Mad About Ivy by Margo Maguire

Mad About Ivy by Margo Maguire

Author:Margo Maguire
Language: eng
Format: mobi
Publisher: 0
Published: 2015-01-02T23:00:00+00:00


CHAPTER SEVEN

“Well?” Somehow, Dev managed to find his voice. “Shall we begin our search?”

His hands were actually shaking. God almighty, he could not possibly want this woman. Should not want her.

But Epworth? Lightbridge?

It was unfathomable that her aunt and uncle could be thinking of giving her to Epworth, who would get her with child two or three times and then forget her. Or Lightbridge, the most starched, tight-fisted—

“All right, we’ll finish,” Miss Barnett said, her voice just above a whisper. To Dev’s gratification, it sounded none too steady. At least he wasn’t the only one affected. “The terrace?”

She pivoted on her heel and started off ahead of him. Dev took a few long strides and quickly caught up in time to open the door for her. It was fully dark, but a fire blazed in a beautiful stone-lined pit just beyond the cobbled terrace. He’d noticed it the night before, when he and Beckworth had gone outside to enjoy a brandy and a cheroot there.

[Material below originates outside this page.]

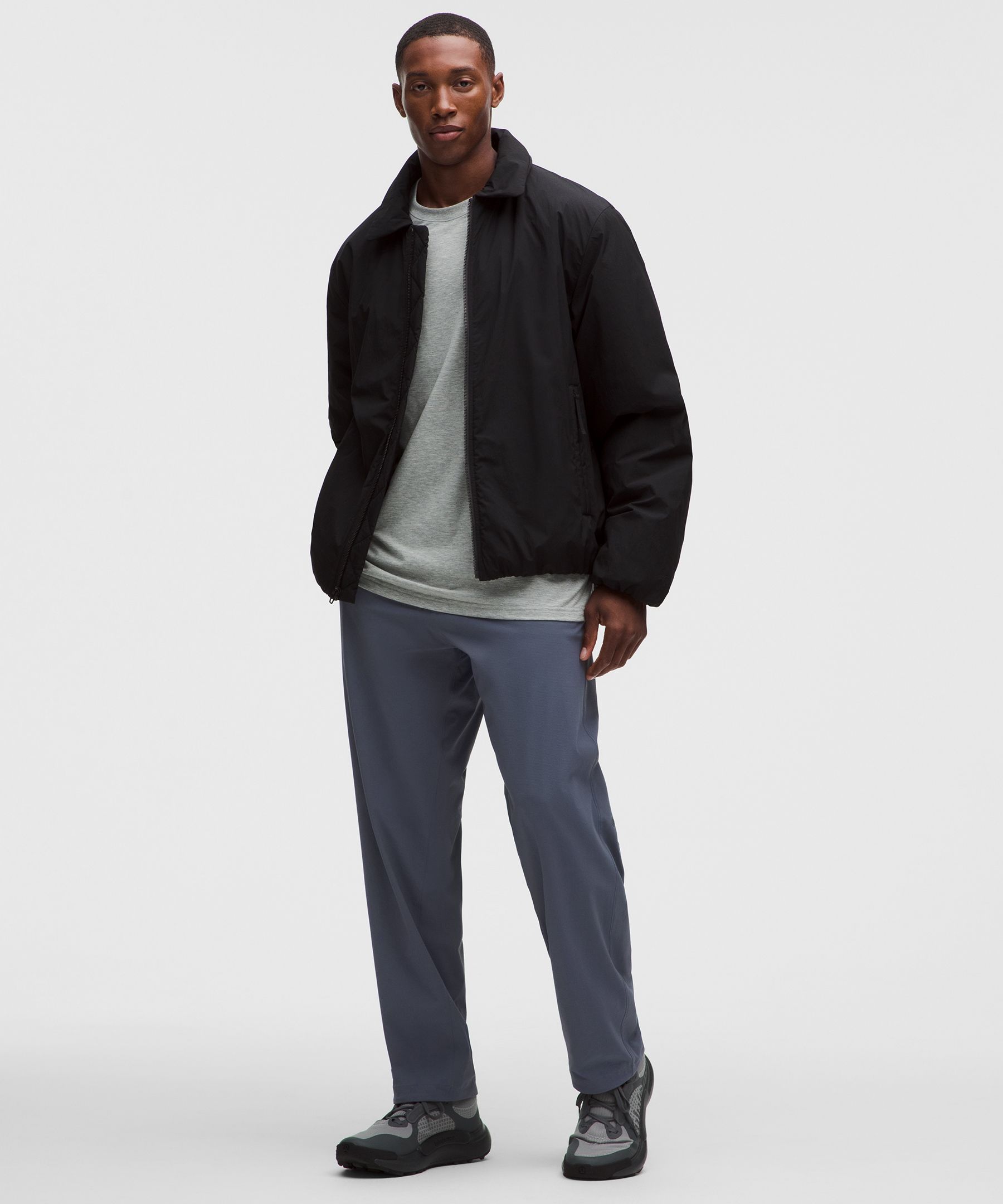Zero Tucks Ripstop Relaxed-Fit Pant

“This is lovely,” Ivy said. “Evenings like these would be wonderful near this fire. Just look at the stars.”

“We are not here to look at stars, Miss Barnett,” Dev said, though he did pause beside her. He rarely missed an opportunity to enjoy the night sky when he was at Claymere Castle, but had never known a woman who took a moment to appreciate such things. Not even his mother.

“But look,” she countered, pointing to the northern sky. “It is so clear tonight we can see Ursa Major and the plough. And there is Polaris.”

“You are versed in astronomy, Miss Barrett?”

“A little,” she replied. “Sometimes on clear summer nights, my father would have us lie on the ground in the field behind our country house to watch the stars.”

Dev could not imagine lying on the ground with his father to look at the stars. He couldn’t remember merely sitting on a garden bench with him, just to talk. His father had died when Dev was thirteen, and there’d been little chance for stargazing after that. It was what happened when one had an elderly father.

“We should look for the next clue,” he said.

“Where are all the others?”

“Others?”

“Treasure hunters. Shouldn’t the rest of the players be here looking for the first clue?”

“The clues are probably in different order for everyone,” he replied. “The last two will converge, and then it will be a race at the end.”

He started walking systematically around the fire, studying each of the stones that surrounded it, while keeping one eye on Miss Barnett, who went the opposite way. She kept her head down as she searched for the clue among the stones.

When she crouched to the ground on the far side of the fire, she looked up at him and smiled shyly. “I’ve got it.”

Dev’s breath caught as he looked at her, and he felt a deep hunger for something he did not want. Not yet.

She walked toward him, reading the clue aloud. “The tropical sun is where I thrive, but there are other places where I come alive.